After decades playing supporting roles in sci-fi fantasies from “The Jetsons” to “Blade Runner,” air taxis are getting closer to takeoff.

Companies around the globe are testing dozens of models and working with regulators on certification. Most startups are developing battery-powered aircraft that look like a hybrid between a helicopter and a drone, so calling them flying cars is a bit of a stretch. That said, automakers including Hyundai and General Motors have invested a fair amount of money in the sector, even as it’s unclear which firms will come out ahead in what will be an expensive race for the skies.

Germany’s Volocopter is among those that are pretty far along. The startup backed by China’s Geely and Mercedes-Benz maker Daimler is aiming to start commercial operations in Singapore in 2023 and working with Paris authorities to whizz people over the city during the 2024 Summer Olympics. This week, the company unveiled its second air taxi, a longer-range shuttle complementing a two-seater model that’s already completed more than 1,000 test flights.

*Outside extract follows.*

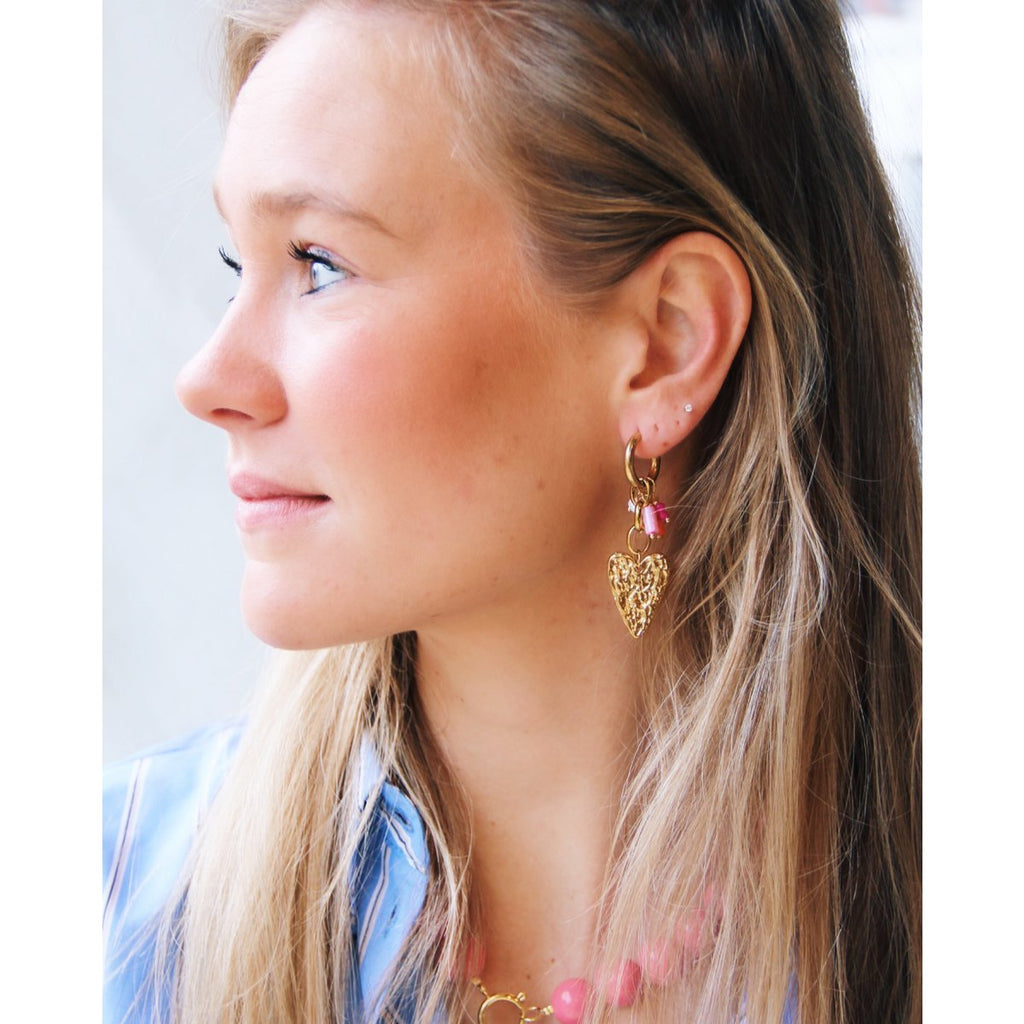 Brede roestvrijstalen ring met ketting, hart en cluster - roze/oranje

Volocopter CEO Florian Reuter told me that 15-minute flights from New York’s JFK Airport to Manhattan will in the medium term cost less than $100. That’s roughly in line with an Uber ride, but a much faster trip. The company has raised almost $400 million and hopes that automated flying backed up by a remote pilot, a first step to lowering trip costs, can be approved in the coming years.

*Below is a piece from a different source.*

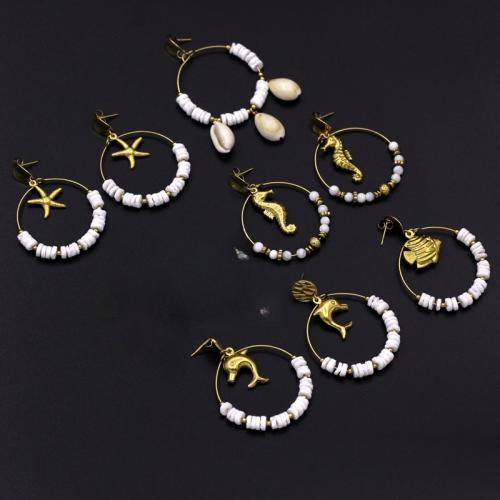 304 Stainless Steel Drop Earring, with Trumpet Shell, gold color plated, fashion jewelry, more colors for choice, Sold By Pair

A Volocopter air taxi flies over Marina Bay during a test flight in Singapore.

Photographer: Roslan Rahman/Getty Images

There are a few caveats, of course. Aviation authorities are known for being extremely careful, meaning getting the green light to fly over cities will take a lot of time and money. Just this month, Morgan Stanley lowered its forecast for the 2040 global urban air mobility market by $500 billion to $1 trillion, saying in a report that the industry has to climb a “regulatory Mount Everest.”

Many companies “may never see an aircraft reach commercial service,” Morgan Stanley analysts said.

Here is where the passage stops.